> [DATA FOR THIS TASK]

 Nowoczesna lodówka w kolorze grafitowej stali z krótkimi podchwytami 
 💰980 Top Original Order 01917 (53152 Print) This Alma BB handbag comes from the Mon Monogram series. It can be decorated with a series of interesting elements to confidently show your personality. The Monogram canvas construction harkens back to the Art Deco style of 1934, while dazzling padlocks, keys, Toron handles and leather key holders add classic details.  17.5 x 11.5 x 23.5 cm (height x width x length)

--

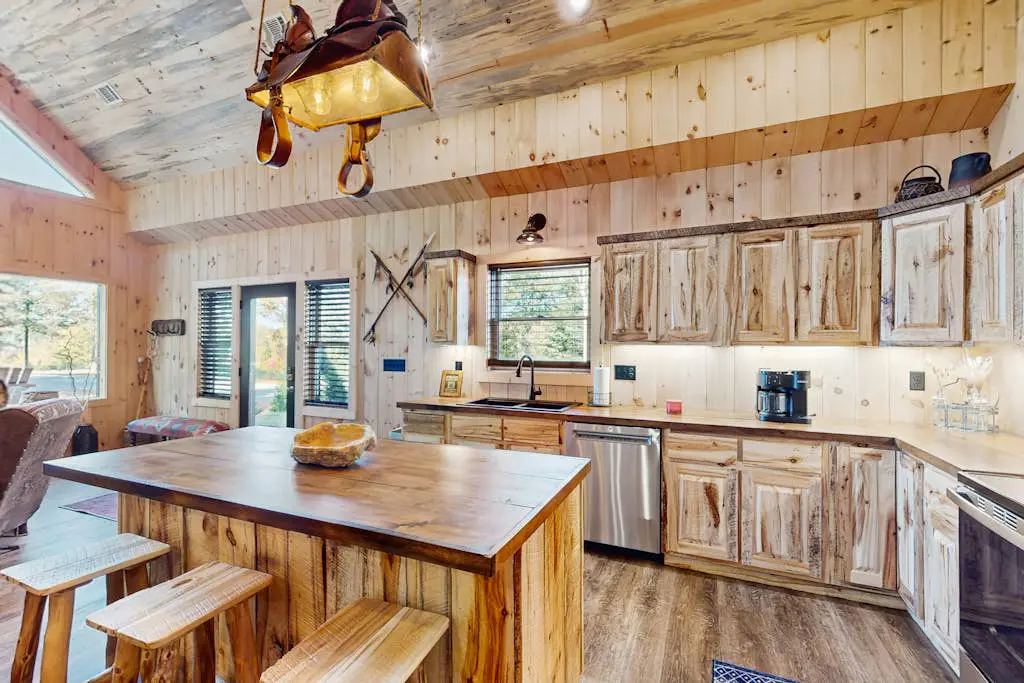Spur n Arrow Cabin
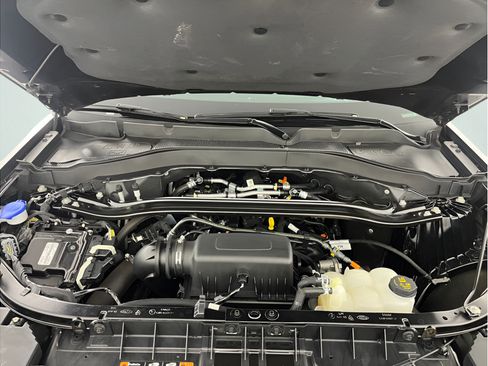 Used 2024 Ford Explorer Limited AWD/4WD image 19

> [ACTION ITEM]
Every line from the line containing "Nowoczesna lodówka w" through the line containing "width x length)" in the records above must be retyped exactly. Leave out the rest.

> [EXPECTED ANSWER]
 Nowoczesna lodówka w kolorze grafitowej stali z krótkimi podchwytami 
 💰980 Top Original Order 01917 (53152 Print) This Alma BB handbag comes from the Mon Monogram series. It can be decorated with a series of interesting elements to confidently show your personality. The Monogram canvas construction harkens back to the Art Deco style of 1934, while dazzling padlocks, keys, Toron handles and leather key holders add classic details.  17.5 x 11.5 x 23.5 cm (height x width x length)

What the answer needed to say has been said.